What Neighborhood-Led Investment Looks Like in Detroit

Want to better your community but don’t know where to start? Enter It’s the Little Things: a weekly Strong Towns podcast that gives you the wisdom and encouragement you need to take the small yet powerful actions that can make your city or town stronger.

It’s the Little Things features Strong Towns Community Builder Jacob Moses in conversation with various guests who have taken action in their own places and in their own ways.

Explore the neighborhoods in your city or town and you’ll likely observe two contrasting conditions: places receiving minimal (if any) investment—and places undergoing considerable transformation over just a few years. This stark divide—the trickle or the fire hose—is common.

Although these approaches pervade neighborhoods all across the country, neither builds wealth throughout the community. The trickle, for example, gives neighborhoods an air of decline (and often correlates with local government not maintaining its public infrastructure); the fire hose, on the contrary, leaves neighborhoods unrecognizable and often doesn’t benefit the existing residents who weren’t fortunate enough to own their own homes before a development boom started. 

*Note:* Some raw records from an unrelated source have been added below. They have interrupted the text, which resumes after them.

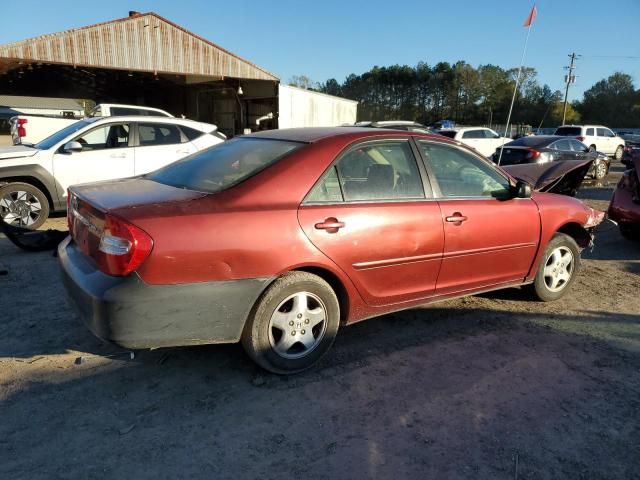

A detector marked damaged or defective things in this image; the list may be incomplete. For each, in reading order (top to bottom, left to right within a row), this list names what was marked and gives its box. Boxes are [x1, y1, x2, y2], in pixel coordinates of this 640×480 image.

rusty roof [0, 11, 278, 81]
wrecked vehicle [608, 157, 640, 240]
wrecked vehicle [57, 128, 604, 376]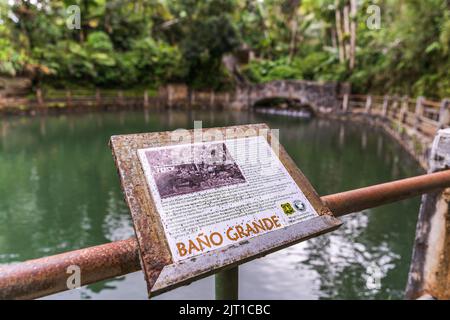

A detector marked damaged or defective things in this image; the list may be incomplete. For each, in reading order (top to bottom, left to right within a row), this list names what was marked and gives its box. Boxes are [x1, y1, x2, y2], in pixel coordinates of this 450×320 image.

rusty information sign [109, 124, 342, 296]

At Strong Towns, we believe our neighborhoods should have another option—an option that builds community wealth, salvages the city’s budget, and benefits people already living in the neighborhood. Cities can make this middle way an option by practicing the Neighborhoods First approach to public investment: a low risk, high return strategy where, as neighbors, we observe where people struggle and take incremental steps to address those struggles. 

(Think crosswalks, bus shelters, pop-up parks, and other examples of tactical urbanism.)

These low cost interventions make an immediate impact on the neighborhood—and, in most scenarios, only require the vision of one neighborhood advocate to jumpstart the process. 

This episode’s guest, Rafa Wright, has for years been that advocate for historically underserved neighborhoods in Detroit. As a Detroit native, he’s witnessed where his neighbors struggle, such as lack of access to healthy food—and, today, Wright helps neighborhoods across Detroit embrace neighborhood-led investment (from technology-focused bootcamps for teens to even a soon-to-be neighborhood grocery).

In this episode, Rafa shares how you—no matter your background—can take a Neighborhoods First approach to investing in your neighborhood, including how to observe where people struggle, how to find the right investments for your neighborhood, and how to get your neighbors involved in the process.